Harare - Stock market investors across the African continent experienced one of the worst starts to a year after most stocks recorded heavy losses in January.
At the close of trading on Friday, most stock markets were in the negative as investors reacted to collapsing oil prices, the Fed’s direction with its monetary policy as well as China’s economic slowdown.
Nigeria's All Share Index was one of the top fallers after it lost 16.5% at the close of trading in January. Nigeria's economy is one of the most affected by the falling oil prices.
The Zimbabwe Stock Exchange was also on the downside down 10.27% to 103.05 points as the country's economy remains fragile. The country which relies on exporting commodities has found no joy as prices continue to weaken.
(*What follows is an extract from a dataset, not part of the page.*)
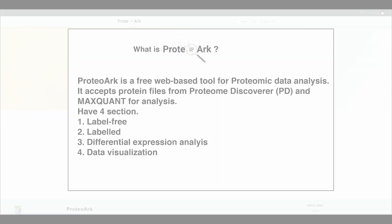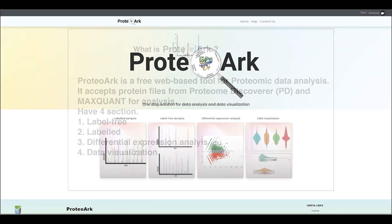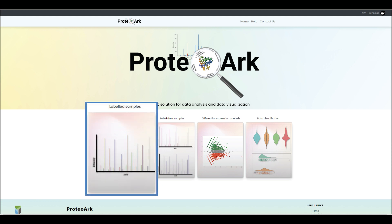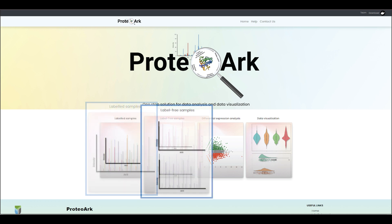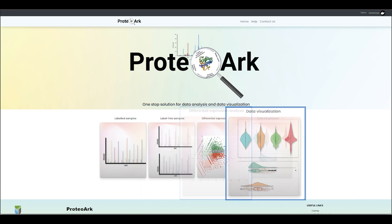ProteoArc is a free web-based tool for proteomic data analysis. It accepts protein files from Proteome Discoverer and MaxQuant for analysis. ProteoArc provides four sections, including labeled, label-free, differential expression, and data visualization.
Profitability in Zimbabwe's mining industry declined across most minerals in 2015 as most mining houses reported losses. Only 30% of the sector players made profits in 2015 with the rest (70%) making losses.
The Nairobi Stock Exchange in Kenya was down 5.24% while Zambia's Lusaka Stock Exchange dropped 3.15%.
South Africa's JSE was down approximately 3.05% in the month.
The losses were however not confined to African markets as the bloodbath was well pronounced across the globe.
Most stock markets had a volatile start to the year with the pan-European FTSEurofirst 300 index losing 6.2% for the month.
The Dow lost 5.5%, the S&P 500 fell 5.1% and the Nasdaq dropped 7.9%.
The blue-chip FTSE 100 index finished January down 2.5%, its biggest monthly fall since September.